Bonnie Young

Personal information
- Date of birth: July 21, 1980 (age 46)
- Place of birth: Baltimore, Maryland, United States
- Height: 5 ft 8 in (1.73 m)
- Position: Defender

College career
- Years: Team / Apps / (Gls)
- 1998–2001: Penn State Nittany Lions / 104 / (31)

Senior career*
- Years: Team / Apps / (Gls)
- 2004–2006: New Jersey Wildcats / 32 / (5)
- 2007–2008: Sky Blue FC / 18 / (1)
- 2009: Chicago Red Stars
- 2010: Chicago Red Eleven

= Bonnie Young =

American soccer player

Bonnie Young (born July 21, 1980) is an American former soccer player. She played collegiately for Penn State. She was drafted to the New York Power in 2002. During her career she played for the New Jersey Wildcats, Sky Blue FC, and the Chicago Red Stars. While still playing, she started her coaching career.

==Early life==
Young was born in Baltimore, Maryland and grew up in Spring, Texas. Growing up she played multiple sports, and then she narrowed it down to soccer and basketball in high school. For college she chose soccer because it gave her greater options.

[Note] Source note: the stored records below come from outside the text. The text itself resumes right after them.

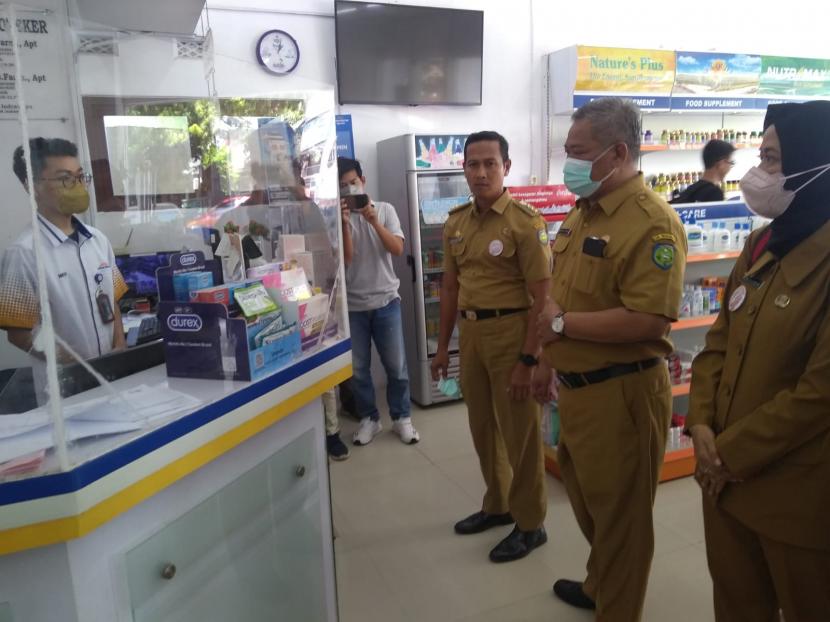 Kepala Dinas Kesehatan Kabupaten Indramayu, Wawan Ridwan (tengah) memantau peredaran obat sirup yg dilarang, di apotek dan toko obat di Kabupaten Indramayu, Senin (24/10/2022). 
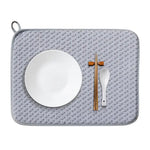 tapis cuisine gris clair texture géométrique moderne anneau suspension 60cm 45cm assiette cuillère gobelet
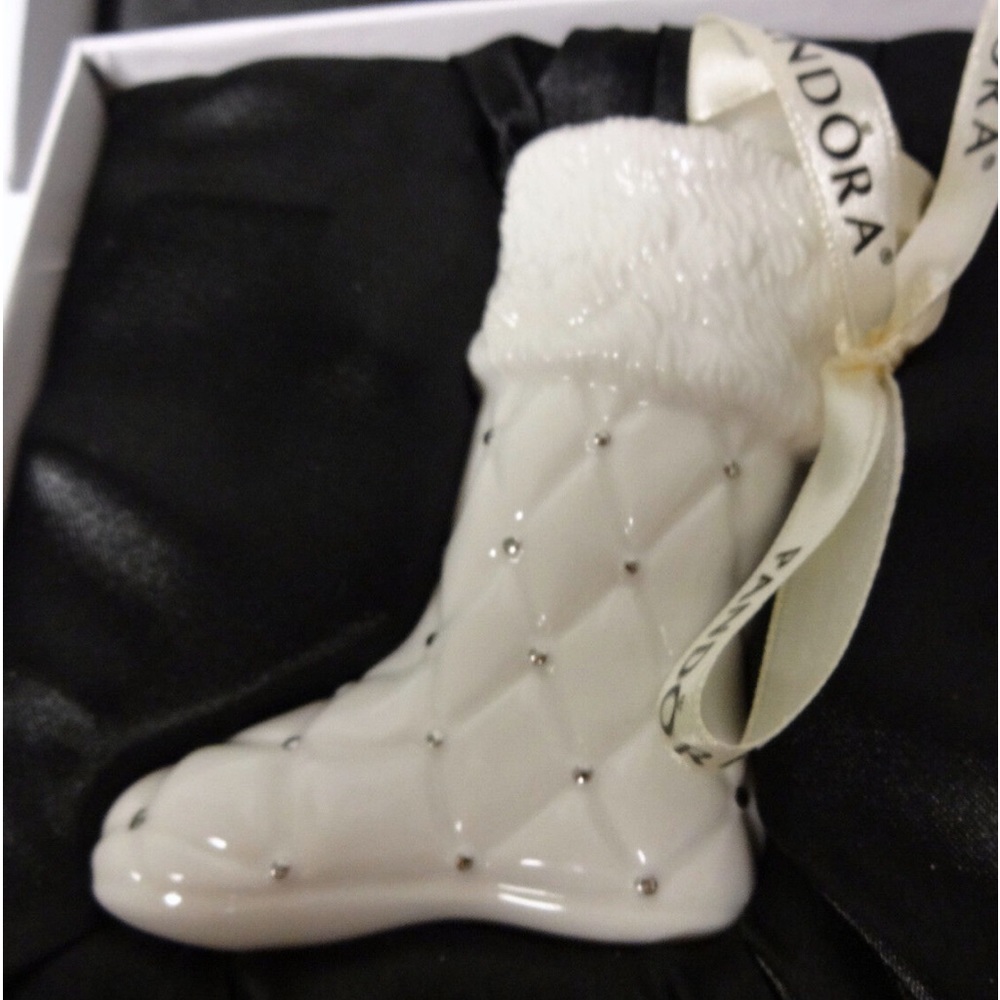 Pandora Christmas porcelain ornament 2012 rare vintage New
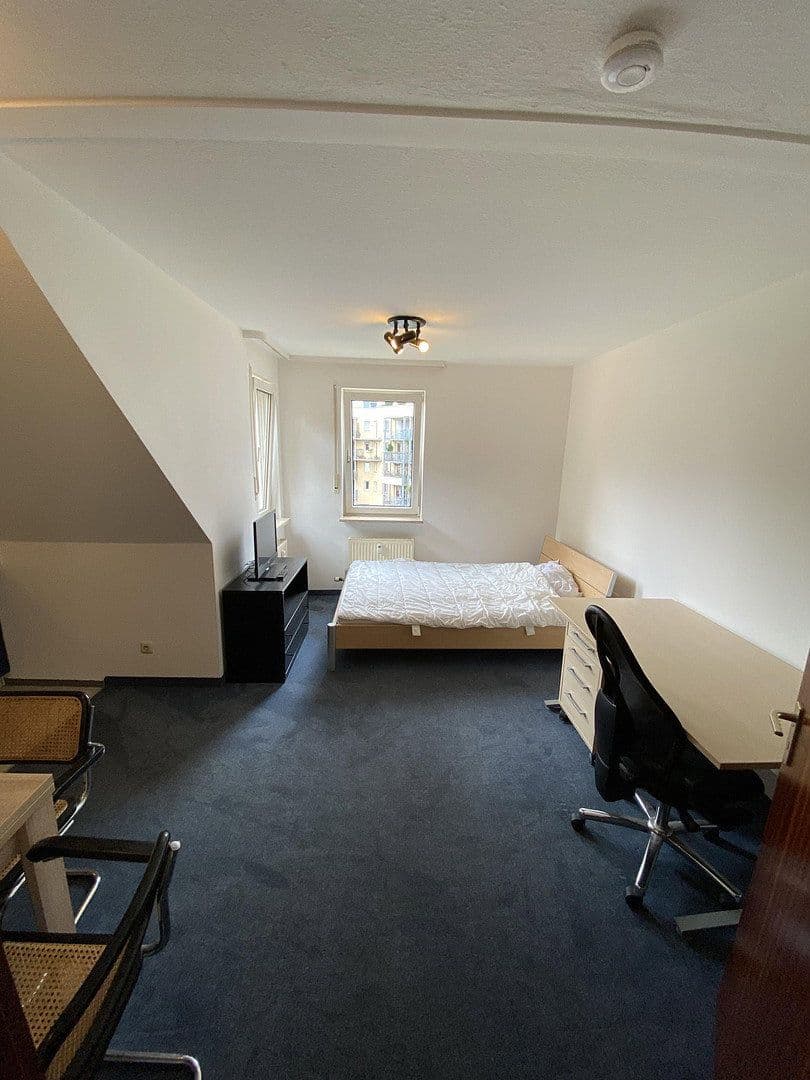 Pronájem bytu 1+1 25 m², Karl-Bröger-Straße 18, Nürnberg, Bavorsko Pronájem bytu 1+1 25 m², Karl-Bröger-Straße 18, Nürnberg, Bavorsko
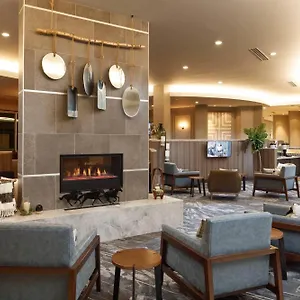 Fairfield & By Marriott Northeast Hotel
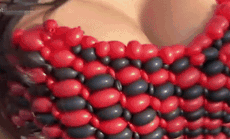 Váy bong bóng muốn cởi phải đập nổ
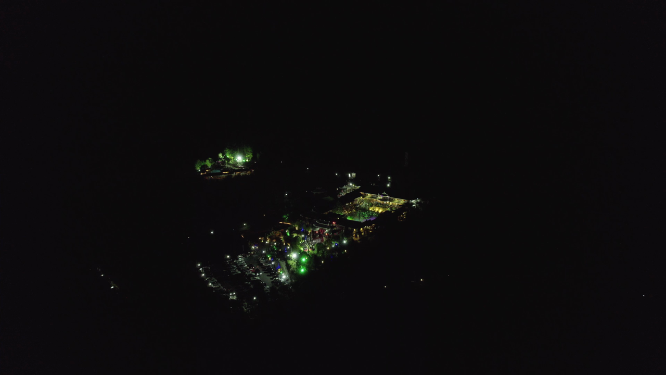 夜晚穿岩山假日酒店
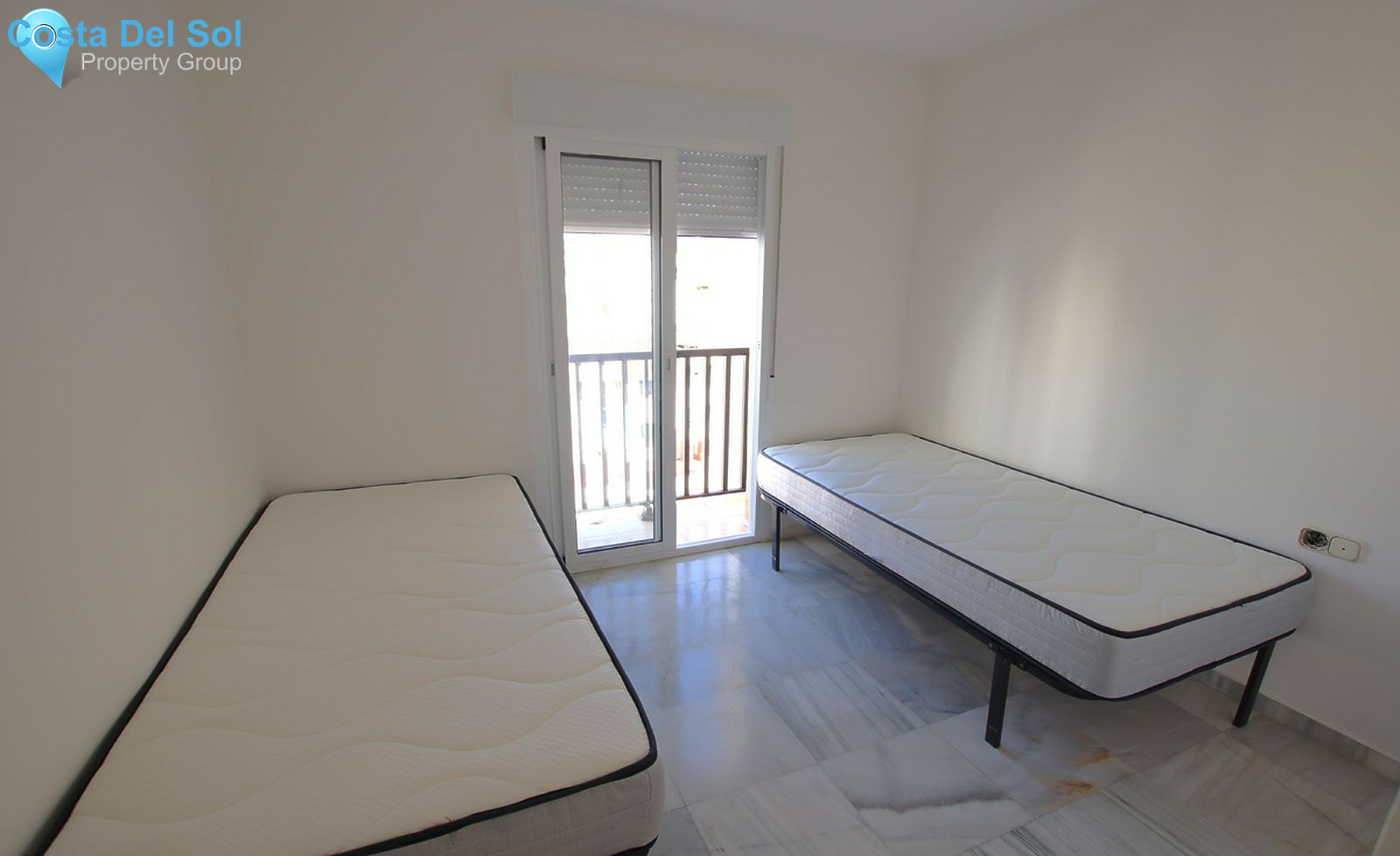 Top Floor Apartment in Fuengirola-1260236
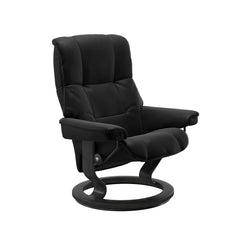 Stressless Mayfair M -lepotuoli mustana: Black 19 Batick-nahkaverhoilulla ja harmaa petsatulla -Classic-puujalustalla.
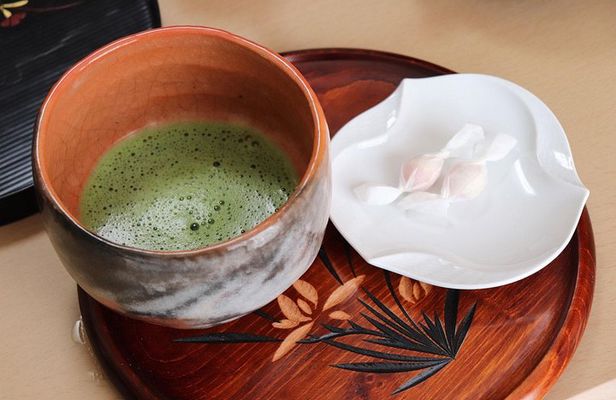 Sushi or Traditional Japanese Cuisine in a Kyoto Home with Emika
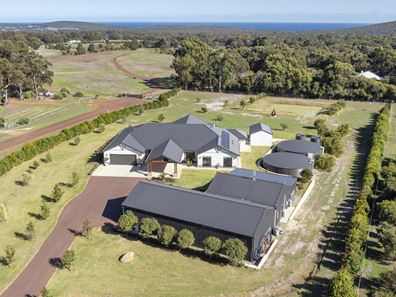 24 Grasstree Place, Yallingup WA 6282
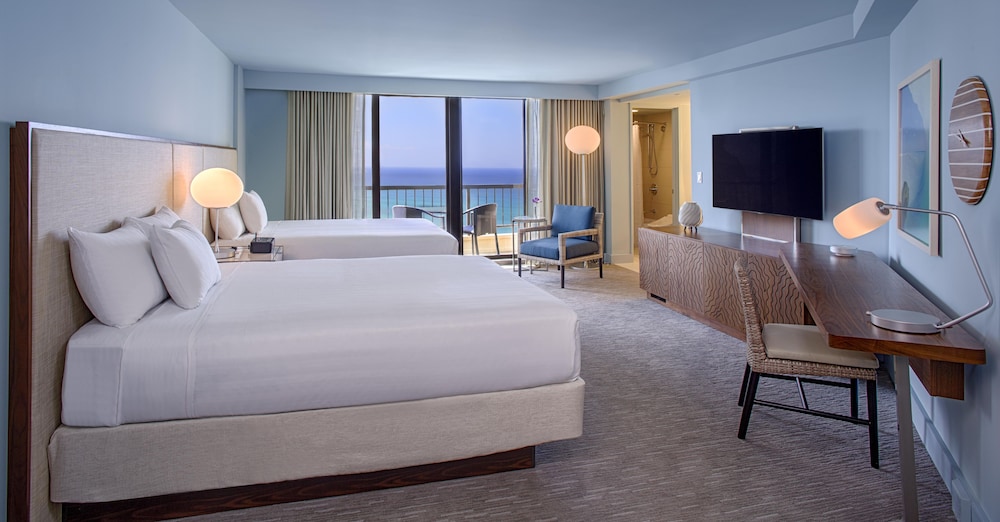 Hyatt Regency Waikiki Beach Resort and Spa 13/50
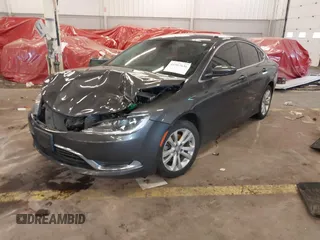 2015 Chrysler 200 Limited z VIN 1C3CCCAB5FN671783, wystawiony jako IAAI lot #41587636 z przebiegiem 95 968 mil mil oraz . Historia ofert i sprzedaży dostępna na DreamBid. Obrazek 17.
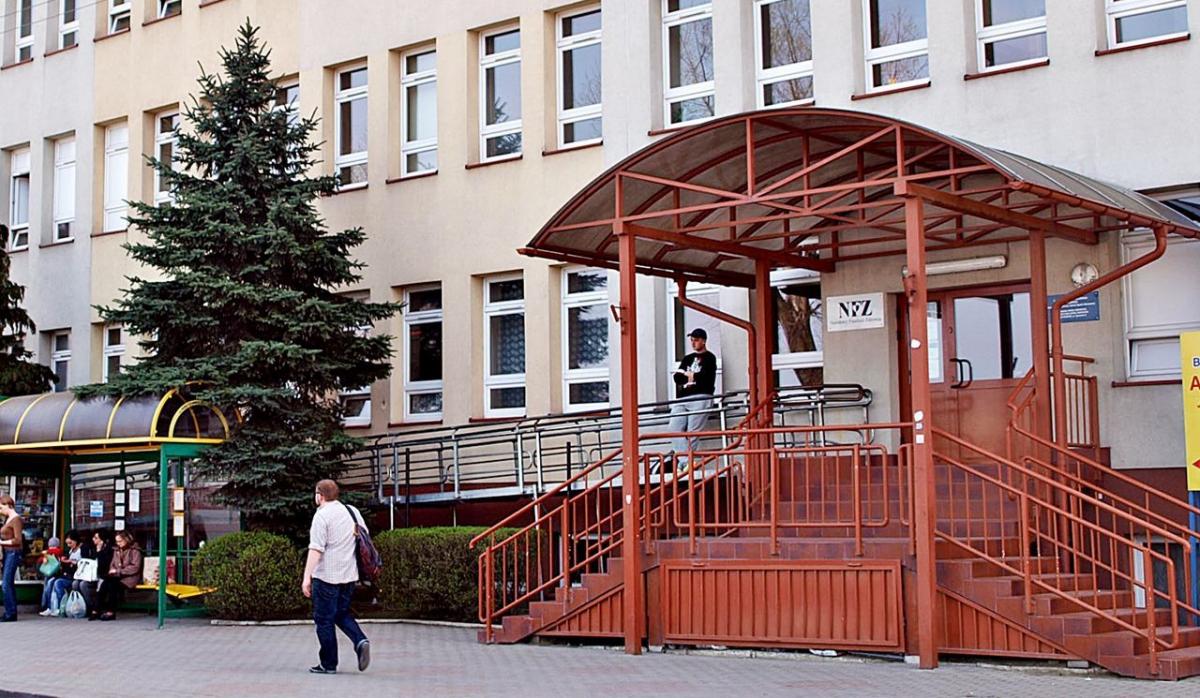 Zdaniem wielu mieszkańców miasta do przychodni przy ulicy Sportowej, nad którą kuratelę ma szpital na Monte Cassino, bardzo trudno jest się dodzwonić.<br/>fot.Mariusz Godos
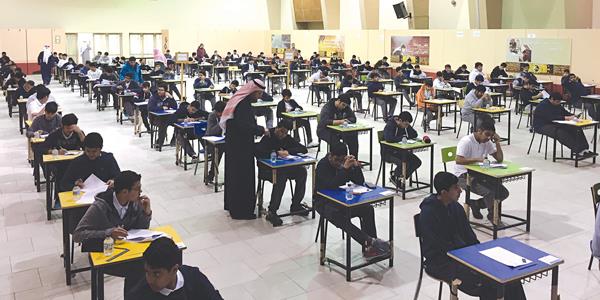 عشرات الطلاب في المستشفيات يومياً لإخراج السماعات من آذانهم بعد الاختبار؟!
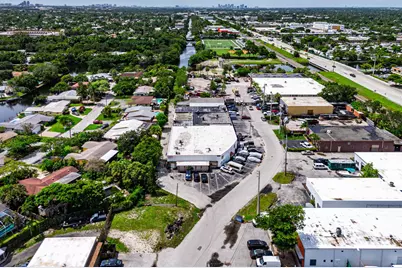1812 SW 7th Avenue, Pompano Beach, FL  - Photo 38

Her father, Bob, played in the NFL. Her grandfather, Bobby Young, played in the MLB. Her mother, Betty, was a three-time field hockey All-American.

==Playing career==

===High School===
Young pulled double duty playing for Klein High School and her club team, Klein Challenge SC. Both teams were nationally ranked during her time playing for them. She was Houston Chronicle Player of the Year in 1996 and 1997.

===College===
Young played for the Penn State Nittany Lions women's soccer team from 1998 to 2001. She played as a forward her freshman and sophomore year, then she was converted to a defender for her junior and senior year. She scored the first hat-trick in school history as a freshman. She earned numerous accolades in college, including being named to the First Team All-Big Ten as well as Outstanding Defensive Player of the Year for Penn State in 2000 and 2001. She was an All-Mid-Atlantic Region pick in 2001 as well as being named to the Mid-Atlantic Region All-Freshman team in 1998. With 104 games played, Young still holds the record for most games played for Penn State and is tied for sixth overall in the NCAA (as of January 2023).
 She earned a Bachelor of Science degree in kinesiology.

===Club===
Young was drafted fourteen overall by the New York Power in the 2002 Women's United Soccer Association draft. She played for the New Jersey Wildcats and Sky Blue FC in the USL W-League. She won the W-League Championship in 2005 with the New Jersey Wildcats. She played for the Chicago Red Stars in the Women's Professional Soccer league and its affiliated USL W-League team Chicago Red Eleven.

==Coaching career==
Young has coached at the youth, college, and professional levels in the United States. She has coached at Rhode Island University, Monmouth University, and North Central College. She was an assistant coach for the Chicago Red Stars in the National Women's Soccer League. She most recently coached at Metropolitan State University of Denver.

===Credentials===
In addition to a B.S. in kinesiology, Young has a Master of Science degree in human movement and corrective exercises. She is also a certified strength and conditioning specialist. She has both a Premier Diploma and Director of Coaching Diploma from the National Soccer Coaches Association of America, and she has a "B" License from U.S. Soccer.